Real-World Elements Missing in ReverSim
  • Specific basic elements missing: Participant said that specific basic elements (e. g., NAND, NOR, XOR) were not included in the simulation but do occur in real netlist analysis.

  • Overall complexity of circuits too low: Participant stated that overall complexity of the levels in the simulation in too low in comparison to real HRE.

  • No sequential logic: Participant mentioned that in real-world netlist analysis, they also analyze sequential logic that was not part of the simulation.

  • Obfuscated gates never seen in reality: Participant noted that they have never seen obfuscated gates in real netlists.

Real-World Approaches Covered by ReverSim
  • Analysis of modules: Participants recognized parallels between the analysis of simulation levels and the analysis of (sub)modules in real netlists.

  • Annotation, pen and paper: Participant stated that they used the drawing tools to make annotations and recognized parallels to the annotation process in real netlists.

  • Output-driven approach, back justification: Participant stated that they solved the levels by focusing on the outputs and said that this approach is also common in real HREs.

  • Hypothesis-driven approach: Participant formulated a hypothesis about an element or an input-output behavior and started to analyze the circuit based on this hypothesis.

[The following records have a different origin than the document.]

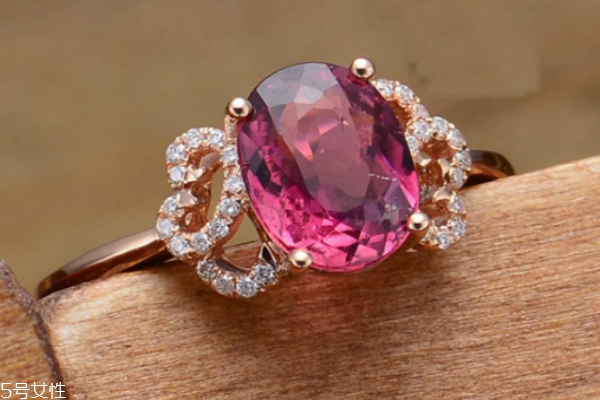 碧璽戒指有收藏價(jià)值嗎 要看具體品種 碧璽戒指有收藏價(jià)值嗎 要看具體品種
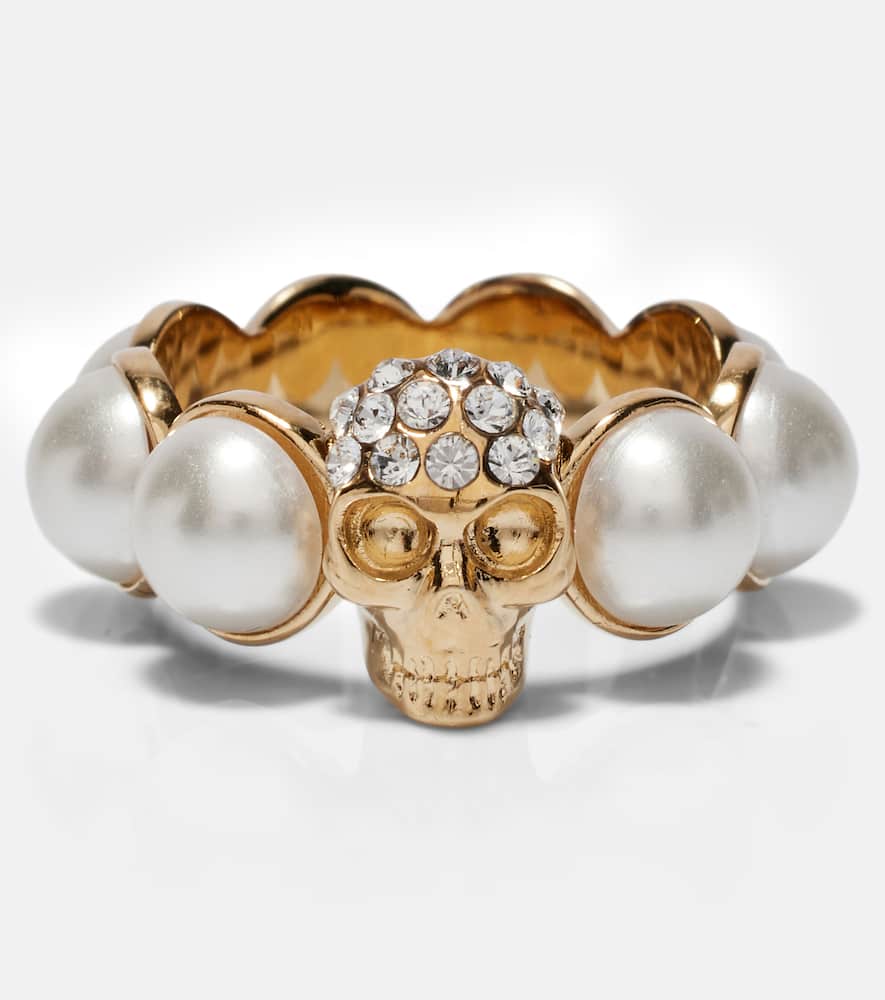 Skull embellished ring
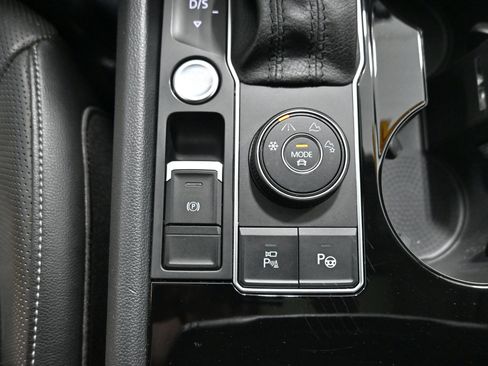 Used 2019 Volkswagen Atlas SEL Premium AWD/4WD image 17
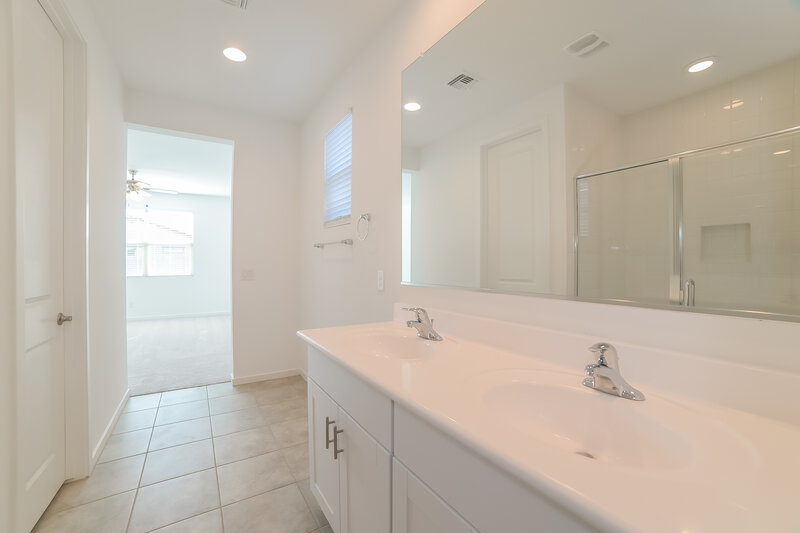2,170/Mo, 5643 W Walatowa St Laveen, AZ 85339 Main Bathroom View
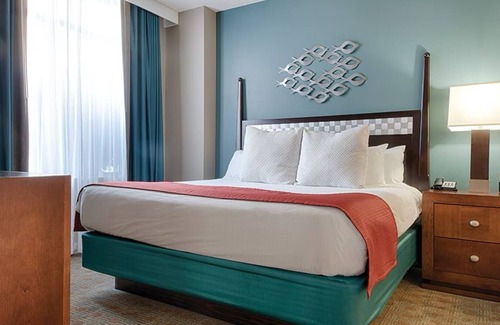 National Harbor Resort | Nat'l Harbor MD’s Innovative Waterfront District near Wash DC 2BD/2BA Deluxe Ste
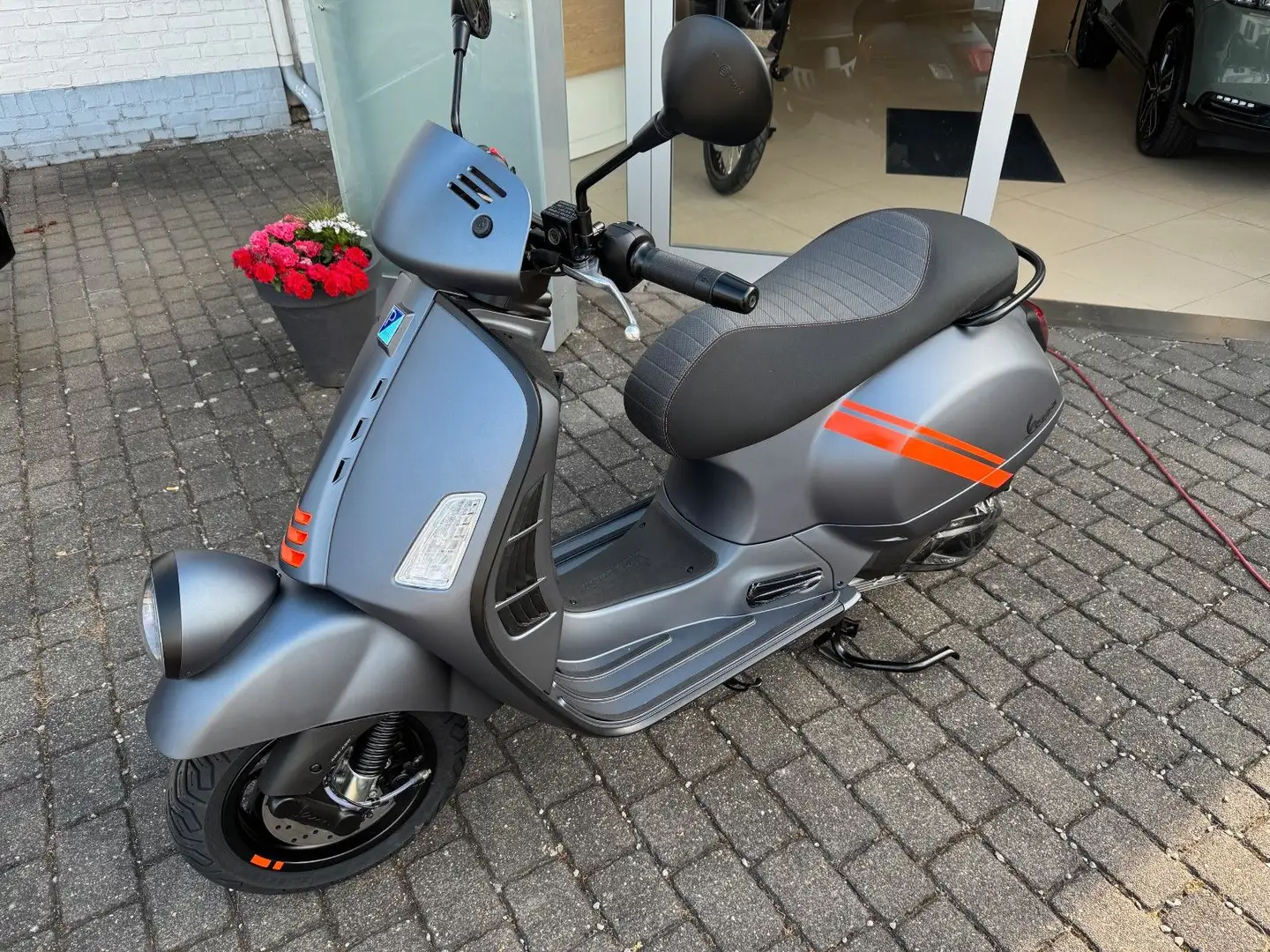 Vespa GTV 310 E5+ ABS Grau Matt Gris - 1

Furthermore, the participant said that this approach is comparable to real HRE.

  • Simulation: Participant said that they simulated specific outputs of the circuit (e. g., with the drawing tools) which is comparable to key processes of simulation in real netlists.

  • “I saw the solution”: Participant said that they just saw the correct solution for a level what may also occur in real netlists with low complexities.

Real-World Approaches Missing in ReverSim
  • No semi-automated tools: Participant said that the usage of semi-automated tools is a common practice in HRE but missing in the simulation.

  • No (automated) dynamic analysis: Participant mentioned that dynamic analysis (i. e., simulation, which, in this context, refers to the visualization of current flow in a netlist) is commonly used in netlist analysis, but was not mapped in ReverSim.

  • No modularization of netlists: Participant noted that modularization of netlist elements is a common practice in real HRE but was not included in the simulation.

  • Specific solution approaches missing: Participant stated that a few specific solution approaches they usually apply in HRE (e. g., input-driven approach, trial and error, brute-force) were not part of the simulation.

Evaluation of Gameplay Mechanics
  • Rules force you to think: Participant said that the simulation mechanics and rules forced them to think and to apply specific strategies.

  • Brute-force approach effectively prevented: Participant stated that the rules of the simulation successfully prevented brute-force approaches, as brute-force is inefficient in real netlists.

  • Rules feel natural: Participant mentioned that the rules of the simulation forced them to apply strategies and procedures that they would also apply when analyzing real netlist, and therefore they did not feel unnatural in the HREs context.

H.3 Category 3: Future Research & Additional Features

  • Add further combinational gates: Participant suggested to add further combinational elements such as NAND or XOR in future studies with the simulation.

  • Add sequential logic: Participant suggested to add sequential logic such as flip-flops in future studies with the simulation.

  • Add high-level components: Participant suggested to add high-level components such as adders in future studies with the simulation.

  • Add waveforms: Participant suggested to add waveforms in future studies with the simulation.

  • Additional objectives for game levels: Participant suggested to add objectives to the levels, e. g., to determine gate functionality based on a presented circuit.